- [Your instructions]: Word for word, restate the lines of the data below between those holding "Slide: The Image" and "a christmas tree", inclusive; pictures do not belong in the copy.

The data Start Marker

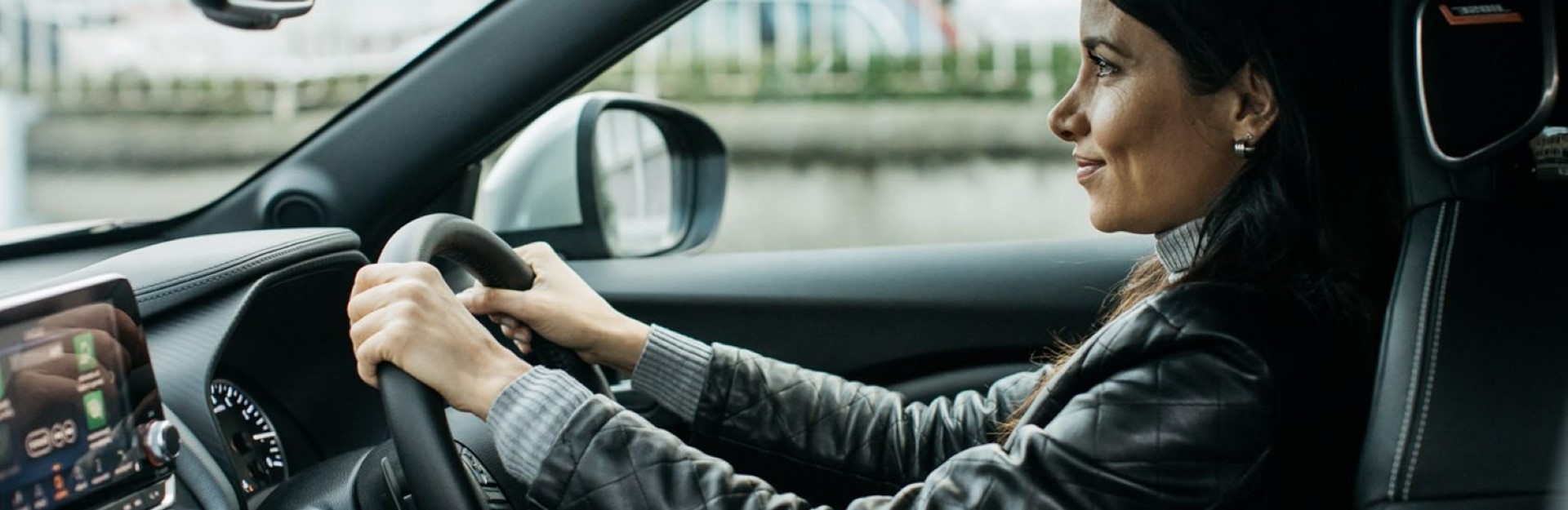 Women driving a Nissan - confident 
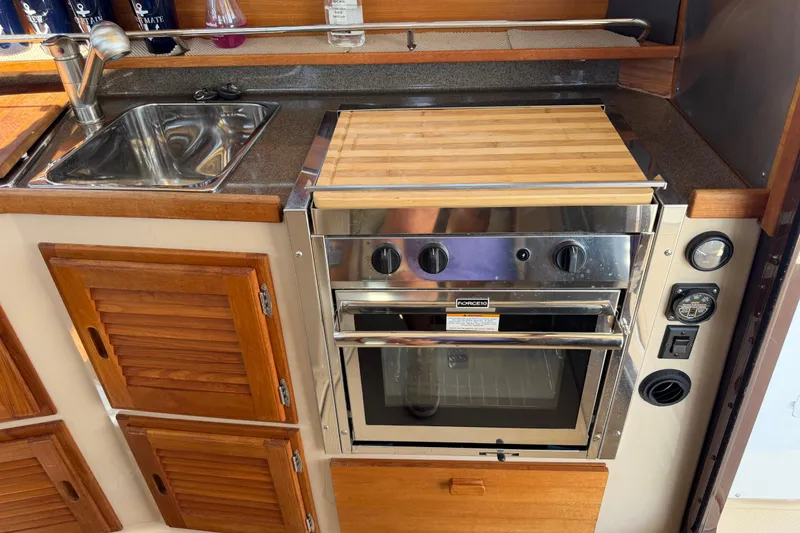 Slide: The Image of 2017 Ranger Tugs R-31 S galley with sink, stove, and wooden cabinetry. - 13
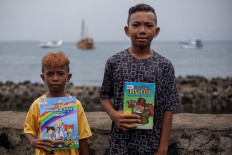 Two boys show the new books they received from an Armada Pustaka Mandar oral book review session at Waiwuring, East Flores. JP/ Yusuf Wahil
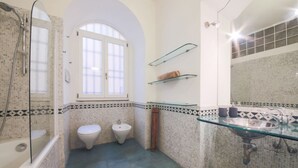 A bathroom with a glass sink, two toilets, a bidet, and a shower. - Duomo Deluxe Apartment (Firenze)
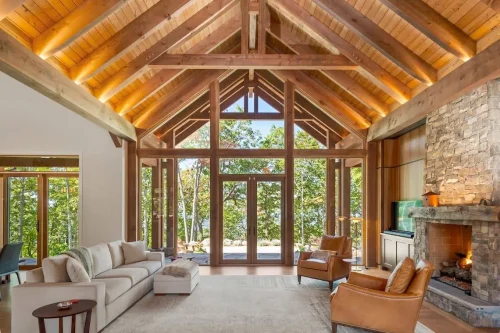 Open living room with soaring wood-beamed ceiling, stone fireplace, large windows, and cozy seating arranged to highlight mountain views.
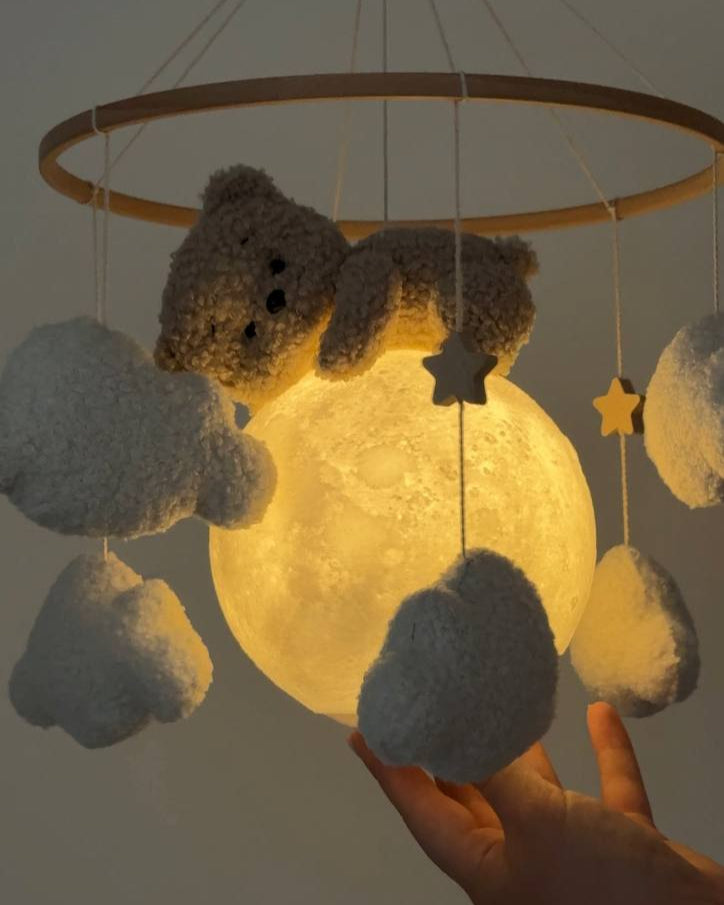 Bear on glowing moon baby night light mobile with soft boucle clouds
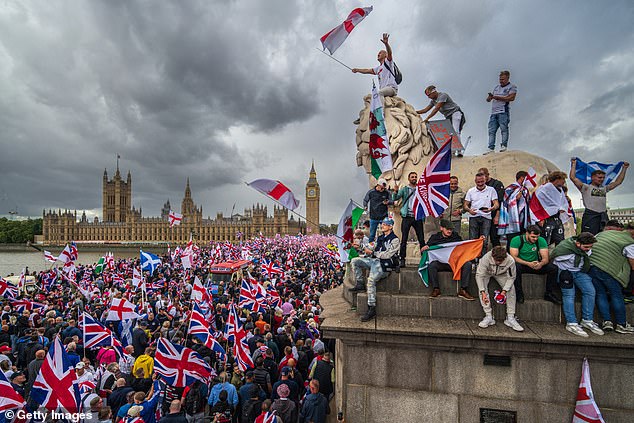 Protesters during the 'Unite The Kingdom' rally on Westminster Bridge on Saturday
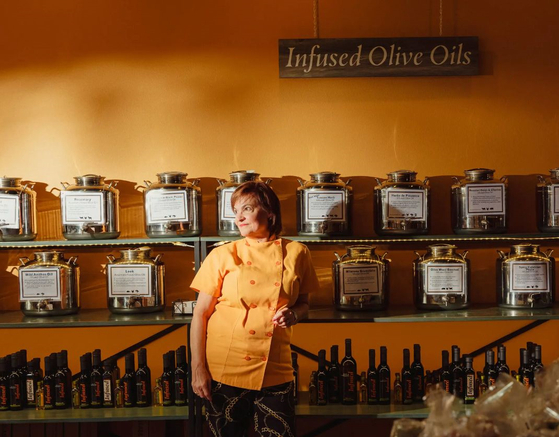 Michelle Spangler at Infused Oils & Vinegars in Dallas on Tuesday, Oct. 10, 2023. Spangler, owner of Infused Oils & Vinegars in Dallas, expects to pay up to 20 percent more for olive oil from her supplier. [Zerb Mellish/The New York Times]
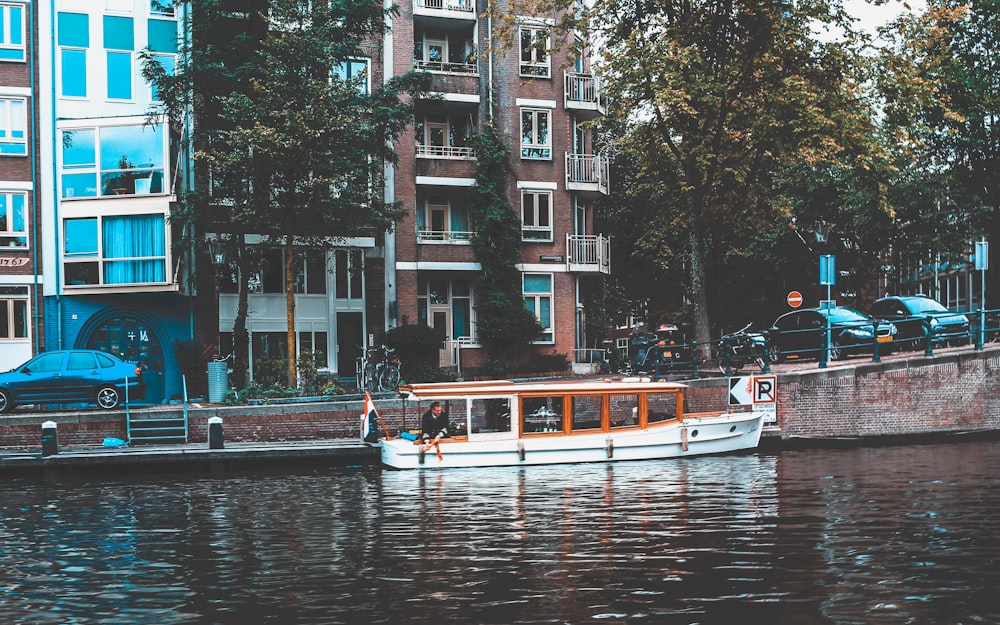 white boat docked near buildings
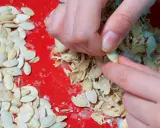 Ręce obierają świeże pestki dyni na czerwonej desce. Widać mnóstwo pestek i łupinek.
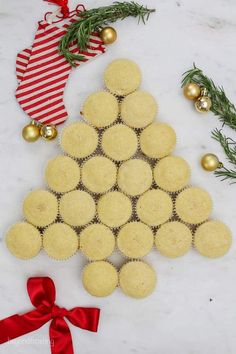 a christmas tree made out of cupcakes on a marble table with ornaments around it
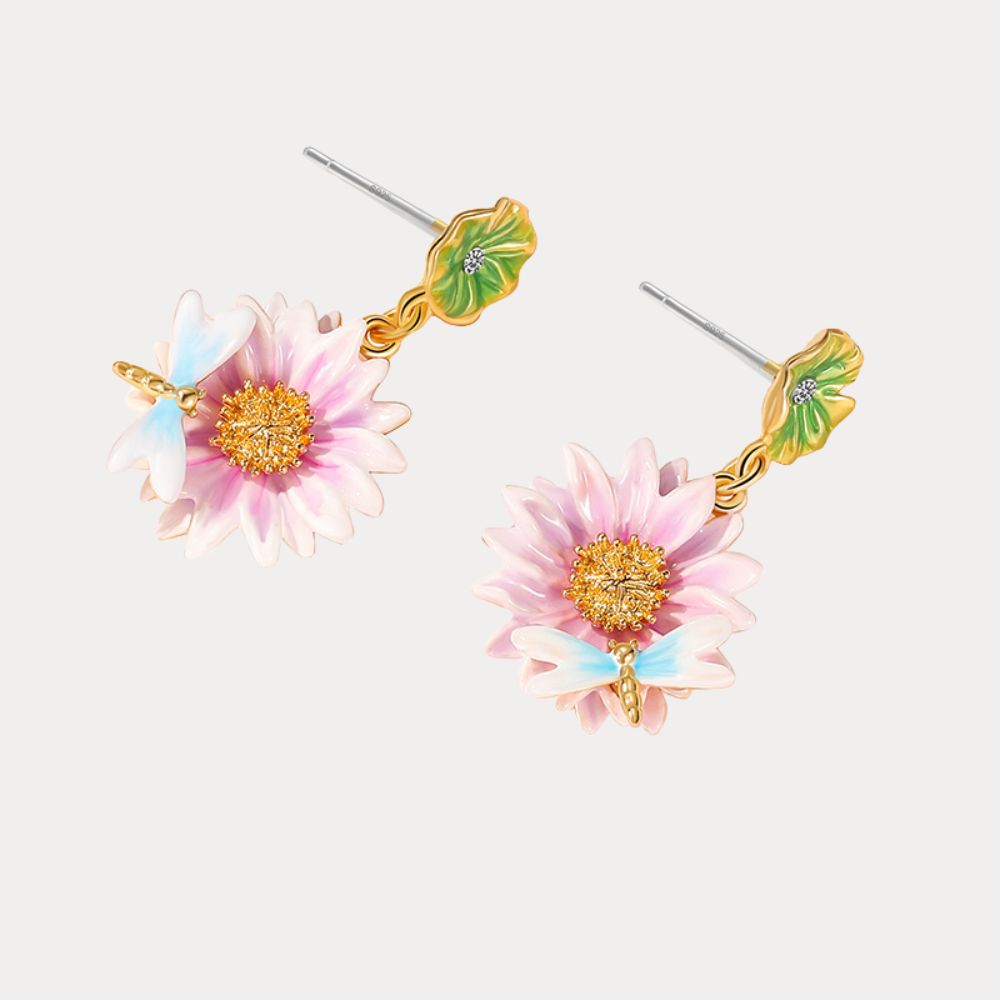 Close-up view of the Lotus Dragonfly Earrings with pink lotus flowers and delicate blue dragonflies, accented by green lily pad studs.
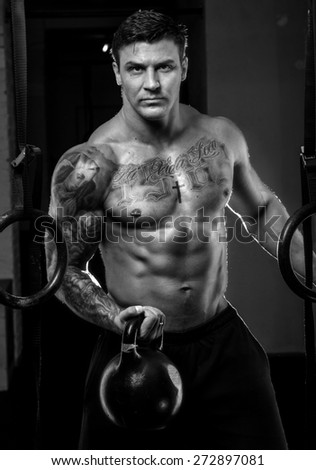 Muscular man with tattos doing exercises in a gym. Black and white photo
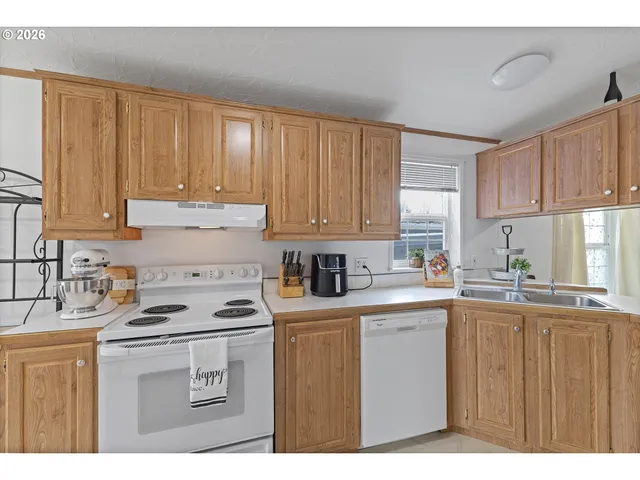 a kitchen with stainless steel appliances granite countertop a sink a stove a refrigerator with white cabinets and wooden floor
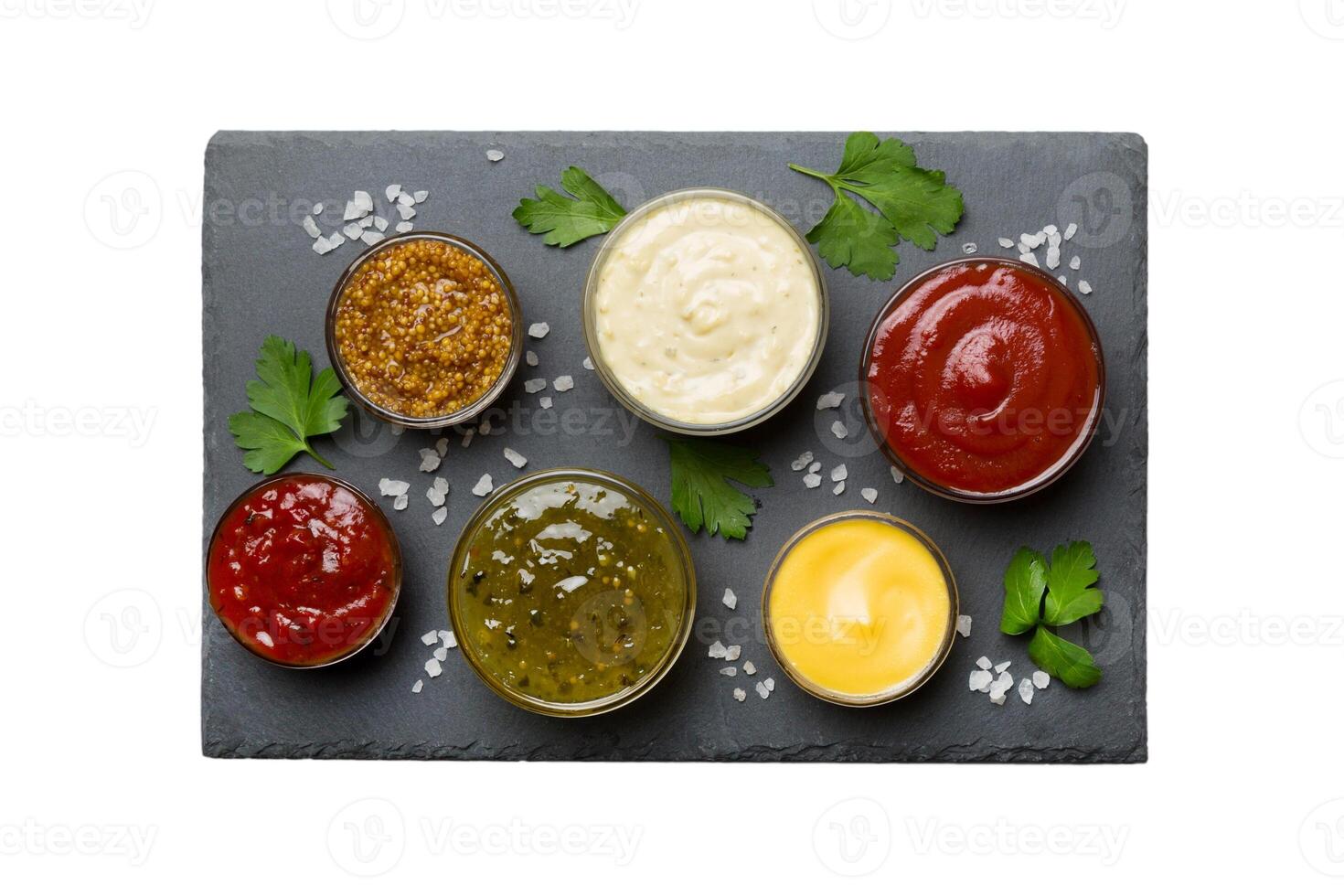Many different sauces and herbs isolated on white background, flat lay top view. sauces on plate, photo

The data End Marker

- [Solution for this problem]:
 Slide: The Image of 2017 Ranger Tugs R-31 S galley with sink, stove, and wooden cabinetry. - 13
 Two boys show the new books they received from an Armada Pustaka Mandar oral book review session at Waiwuring, East Flores. JP/ Yusuf Wahil
 A bathroom with a glass sink, two toilets, a bidet, and a shower. - Duomo Deluxe Apartment (Firenze)
 Open living room with soaring wood-beamed ceiling, stone fireplace, large windows, and cozy seating arranged to highlight mountain views.
 Bear on glowing moon baby night light mobile with soft boucle clouds
 Protesters during the 'Unite The Kingdom' rally on Westminster Bridge on Saturday
 Michelle Spangler at Infused Oils & Vinegars in Dallas on Tuesday, Oct. 10, 2023. Spangler, owner of Infused Oils & Vinegars in Dallas, expects to pay up to 20 percent more for olive oil from her supplier. [Zerb Mellish/The New York Times]
 white boat docked near buildings
 Ręce obierają świeże pestki dyni na czerwonej desce. Widać mnóstwo pestek i łupinek.
 a christmas tree made out of cupcakes on a marble table with ornaments around it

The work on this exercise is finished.